Pagi ini, ada pesanan garam ke arah kencana loka, bismillah, roda ekonomi tetap harus berjalan.
Aku siapkan masker, uang kembalian dan kotak kosong untuk nantinya tempat uang kembalian. Begitu uang dari orang lain kuterima langsung kusemprot desinfektan yang siap sedia di mobil. 

Keluar rumah, suasana sepi.
Sampai ke gerbang, masih juga sepi.
Ada komitmen Mak-mak komplek, orang yang keluar masuk harus disemprot dulu, apalagi yang memasuki komplek.

Masih sepi.
Satpam juga masih berdiri santun, melambaikan tangan, tanpa ada aksi lain selain senyum dan melambaikan tangan.
Ada mobil yang berpapasan masukpun masih sama, cukup hanya senyum dengan tangan memberi salam.
Masih terlihat sama saat seminggu kemarin aku keluar dari komplek.
Yaa, sudah seminggu ini aku mengisolasi diri didalam rumah.

 Ada tanya keheranan ke suamiku, "Kok jalanan masih ramai saja?".

 Orang orang juga hanya satu dua yang mengenakan ,masker, beberapa muda mudi malah masih cekikikan di atas motor yang mereka naiki.
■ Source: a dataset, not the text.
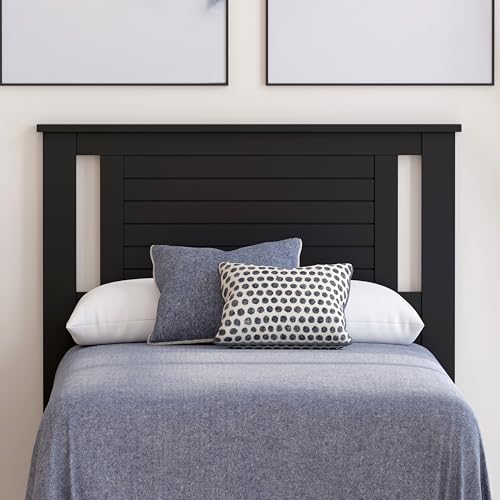 ComfIQ Serene Wood Headboard with Horizontal Scoring Panel Design,Farmhouse Coastal Modern Design, Easy Assembly, Twin Size, in a Painted Matte Black Finish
"Mereka terlalu cuek dan perlu dikasih pengertian", itu saja jawab suamiku.

Seketika terbersit keinginan ke pasar kaget sebelah, yang hanya ada 3 atau 4 gerobak sayurnya, lumayan aman daripada ke pasar modern yang harus bertemu dengan banyak orang

Suasana masih lumayan se[i.
Hanya beberapa ojol, tukang sapu, tukang parkir dan beberapa penjual gerobak menyiapkan dagangannya.

Masih dengan masker yang menutupi hidung dan mulutku, aku turun menuju lapak sayur yang sudah ada.
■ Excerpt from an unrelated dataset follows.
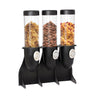 Cornflakes- og müslidispenser - 3 beholdere - sort - med drejehjul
"Kenapa tidak kau pakai maskernya?", celetuk tukang ojek ke tukang sayur dihadapanku.

 "Lupa, susah napas, ha ha ha," jawab si tukang sayur sembari terkekeh.

Aku toleh kanan kiri, ternyata ada sekitaran 10 orang disitu, cuma aku yang pakai masker.
Berarti mereka sedang mentertawakan aku.

Ya weslah, mau gimana lagi.

Namun ini membukakan sedikit kungkungan ketakutanku, bahwa diluar sana banyak yang masih membutuhkan oksigen segar untuk hidup mereka terus berjalan.
Entah yang mereka hirup bersih atau tidak, tak mereka pedulikan.
Anak istrinya dirumah lebih membutujkan sesuap nasi daripada harus setiap hari hanya disuguhi berita-berita orang berduit yang satu persatu berguguran.

 Entahlah, sekilas itu yang kupahami didepan mataku.

 Ada penyesalan, kenapa si Mpok kusuruh istirahat, akankah kaki tangannya pegal- pegal karena harus libur menyapu, mengepel, memasak dan naik turun tangga sampai setengah harinya?. Terbayang kegiatan itu nantinya beralih kepundakku, mulai hari ini dan masih 2 pekan lagi kujanjikan semua akan normal kembali.
Ufttt...

Tiba-tiba aku memahami, kenapa si mpok tertawa saat aku tawari opsi untuk meliburkan dirinya dengan alasan dia paling resiko karena harus pulang pergi naik KRL.

Sudah terjadi.
Tak mungkin kucabut kembali masa liburnya, setidaknya untuk dua pekan yang kujanjikan. Bismillah. Untuk keadaan lebih baik lagi, in sya Allah.